Dwight Twilley And A Very Confused Bass Player Play “I’m On Fire”

Right around 1975 or so, this was a minor hit. Top twenty or so.

Like most hit songs, there’s nothing to it, really. If you quizzed fans of the song, and asked them to tell you the lyrics, they’d be able to sing-song the “hook,” you ain’t you ain’t you ain’t got no lover, which doesn’t sound like Shakespeare to my ear, and the three-word title, but the rest is basically unintelligible, and unintelligent, if you look it up. It’s the sort of song you could sing anything in if you were covering it, and no one would notice it. But pop songs aren’t often worth studying overmuch. It was raucous fun, and any four people could bang it out in the garage if you got the notion.

Of course Dwight and his friends got the idea of banging things out in their Tulsa garage by seeing A Hard Day’s Night, and figgering, “How hard can this be?” This song made it to the charts out of nowhere, while the band was trying to get famous doing something else, and then they started paying attention to it again, and the something else never materialized.
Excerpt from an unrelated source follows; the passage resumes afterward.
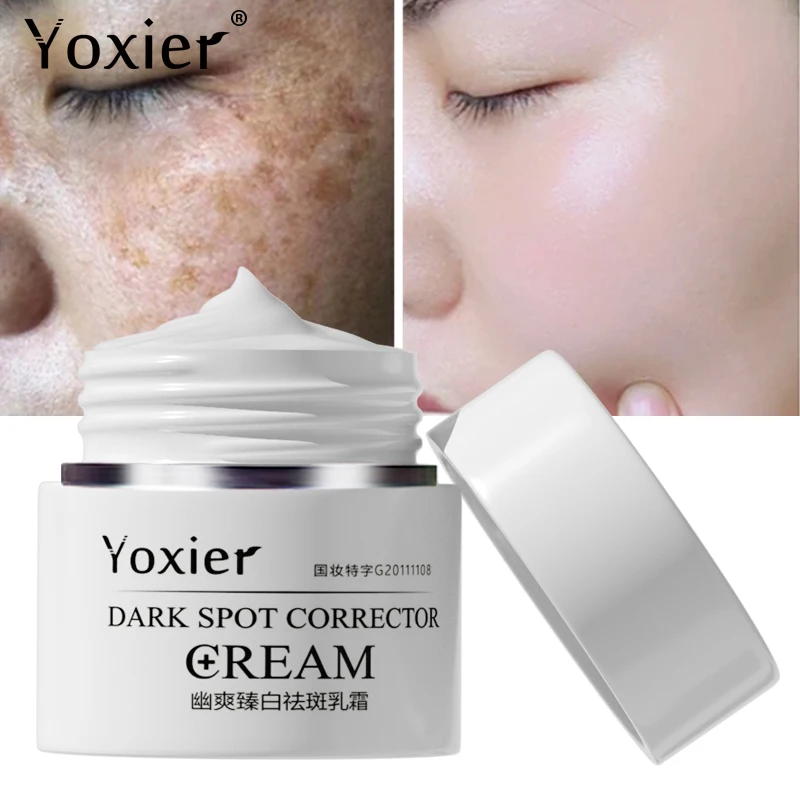 

Dark Spot Corrector Cream Remove Spots Body Pigmentation Face Cream Nourish Arbutin Whiten And Brighten Complexion Skin Care 30g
It’s not hard to have a hit song, really.  It’s almost impossible to have a hit song, but it’s not hard. There is no way to tell what the public will like, or even what they’re willing to have shoved in their ear. Payola got bad songs played on the radio back in the day, but it wasn’t a slam-dunk way to make things popular. The record companies just tried everything to see what worked, and were satisfied with one million-seller out of a thousand tries. It wasn’t that difficult to get thrown at the wall thirty years ago. Deuced difficult to stick, though. I’m not sure exactly what alchemy is used now, although fake Twitter followers and bot-driven YouTube views seem to have supplanted having members of the band and their families calling the radio stations non-stop and requesting their own songs with a hankie over the receiver to disguise their voice. Time marches on.

This song was about the first thing Dwight Twilley ever did, and it’s the only thing that might even merit a trivia question about him. You could perhaps tease a second trivia question about the drummer and female singer in the video. They’re castaway Cowsills. You can hear the drummer playing and singing on other recordings that made the charts, too; that’s him on Tommy Tutone’s Jenny (867-5309),  another one-hit wonder in the same guitar/bass/drums vein.

The rock and roll machine has always been the musical version of The Million Monkey Theorem. It explains probability theory by positing that if a monkey hits keys at random on a typewriter keyboard for an infinite amount of time, it will almost surely type a given text, such as the complete works of William Shakespeare, eventually.

So I offer the Dwight Twilley Theorem to you, my readers. Here goes:

If an infinite number of garage bands are formed after watching a Beatles movie, and they hit notes at random on Telecasters and sing doggerel for an infinite amount of time, they’ll eventually get Casey Kasem to utter their name on AM radio after midnight on Sunday, even if their bass player doesn’t know what to do with his hands.

The corollary to this theorem is: Only the music store and Yoko Ono will end up with any money.